Friday, January 18, 2013

Allison Barnes and Eleanor Owen Kerr on 1:1000

The Southern photography ezine One: One Thousand features work in the November 2012 issue by Savannah-based photographer Allison Barnes and by Baton Rouge-based photographer Eleanor Owen Kerr.

Both these photographers work in black and white, and both attend in their work to the land and the water of the South, and to the traces of life, both human and animal, that makes its way across the Southern landscape.

Barnes is concerned with the transitory character of the marks we leave on the land, and the illusion of permanence that the camera gives to the landscape it records.

Her images -- from her portfolio Autobiogeography -- she says, "document marks as a collection of clues, suggesting that place is itself temporally layered, a palimpsest of the multiple traces left by individuals and groups. 

"These markers are sometimes literally embedded within the landscape, such as raccoon tracks in the earth and the evidence of human passage, or commemorate a natural event, including a boars passing and the death of an animal."

The traces of human and animal transitions across the landscape, in her view, "offer a visible history of a past presence yet carry a tension between the ephemeral and permanent." 

The role of the photographer, in her view, is to give some permanence to the traces of the past's impermanence. 

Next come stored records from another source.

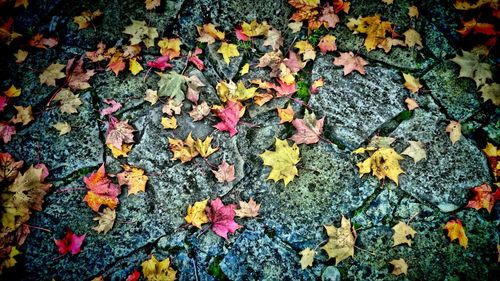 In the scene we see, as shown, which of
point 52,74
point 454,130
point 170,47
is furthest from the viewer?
point 170,47

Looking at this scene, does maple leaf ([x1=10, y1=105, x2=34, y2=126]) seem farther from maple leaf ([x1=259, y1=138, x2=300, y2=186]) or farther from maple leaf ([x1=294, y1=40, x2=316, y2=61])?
maple leaf ([x1=294, y1=40, x2=316, y2=61])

"The landscape I walk remains after my departure and a new trace is formed when the index of that landscape is transferred onto paper. A print is the material and permanent manifestation that provides access to a mark now erased but remaining persistently present." 

Eleanor Owen Kerr's landscapes also document the effects of the human on the natural landscape, especially the ways in which we have intervened between the land and the water, and especially the land of Louisiana and the water of the Mississippi River.

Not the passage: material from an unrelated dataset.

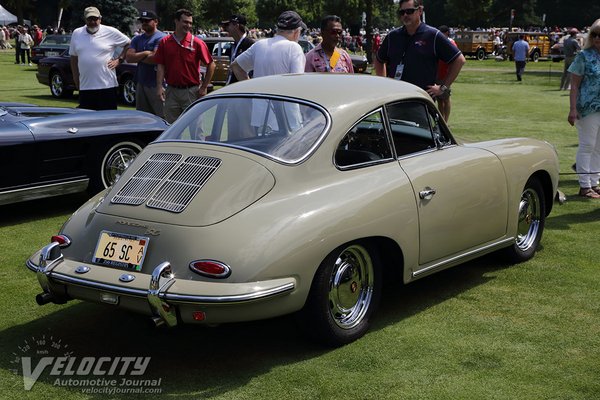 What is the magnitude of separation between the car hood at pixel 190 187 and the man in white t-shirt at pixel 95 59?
537cm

Her portfolio is called On the Batture, the land between the river and its levees, a no-man's land that is called in French "batture" – literally, the land that is "beaten on" by the river. 

Kerr notes that the "batture is ephemeral. It ebbs, flows, and reforms, controlled only by the whims of the river. Sometimes under water, sometimes choked by vines and dense undergrowth, the batture is a raw, transitional space where the landscape fluctuates in accordance with the river's pulse." 

Kerr says the project began when she walked over the levee and found "a different world." 

"I was immediately engulfed," she says, "by the powerful mystery and primal energy in this ribbon of wild land separated from towns, cars, and highways by the mere sixty foot ribbon of levee between Baton Rouge and New Orleans. "Governed only by the push and pull of flood and drought, nature holds sway on the batture while urban life goes on just a few hundred feet away."

 Trace, illusion, permanence, the ephemerial, the enduring -- aspects of the South's haunted landscape, well-seen and well-captured in this work.